4% of Md. borrowers facing foreclosure

May 19, 2010|By Jamie Smith Hopkins, The Baltimore Sun

Maryland borrowers in imminent danger of losing their homes hit 4 percent in March for the first time on record as lenders stepped up the pace of new foreclosure proceedings.

Lenders filed to start foreclosure on about 13,000 borrowers from January through March, compared with 10,500 the previous three months, according to a Mortgage Bankers Association survey released Wednesday.

That's one of the biggest increases in the nation, probably driven by an earlier rise in seriously delinquent loans and lenders hustling to start foreclosure proceedings before the state's new mediation requirement takes effect in July.

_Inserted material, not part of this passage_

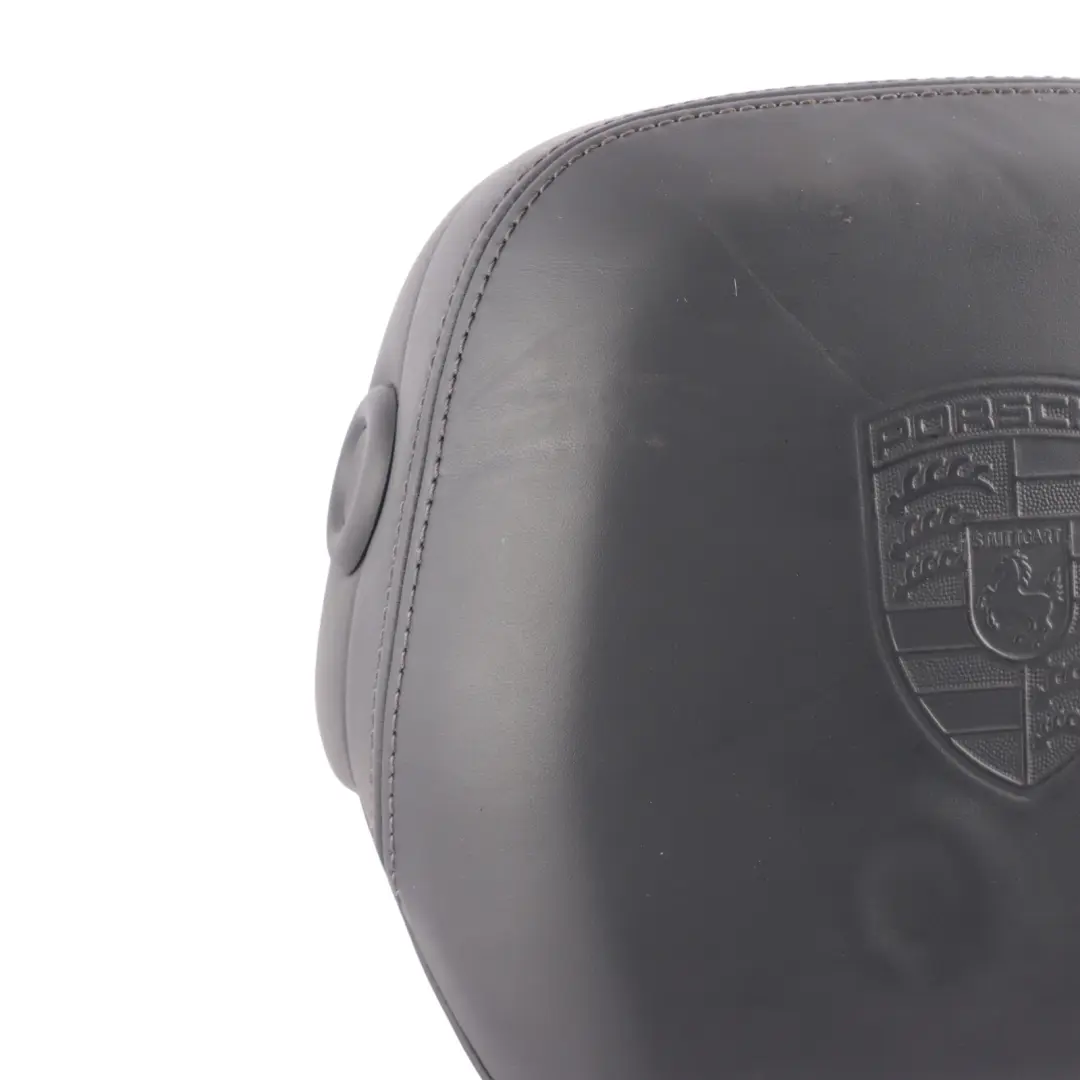 Headrest Rear Right O/S Head Rest Black Leather to Porsche Cayenne 92A Seat with Part number 95852282300 Porsche Cayenne 92A Seat Headrest Rear Right O/S Head Rest Black Leather - SKU 95852282300 - Part number 95852282300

The increase comes as the long-running foreclosure crisis seems to be nearing a fork in the road. Will many of the potential foreclosures, held at bay for months by the loan-modification efforts, simply end up on the market as bank-owned homes in another wave starting later in the year? Or will foreclosures ease as the job market improves and more borrowers get their monthly payments lowered?

Some analysts are optimistic.

"We still see a case for gradual improvement," said Jay Brinkmann, chief economist at the Mortgage Bankers Association, which covers about 80 percent of the industry in its survey. "The economy is continuing to grow."

Others are less optimistic.

"We have very little confidence that any modification will work, ultimately," said Wayne Yamano, a vice president at John Burns Real Estate Consulting, a California-based firm that does housing market analysis for builders. "What the modification process has done is delay the release of that distressed property onto the market."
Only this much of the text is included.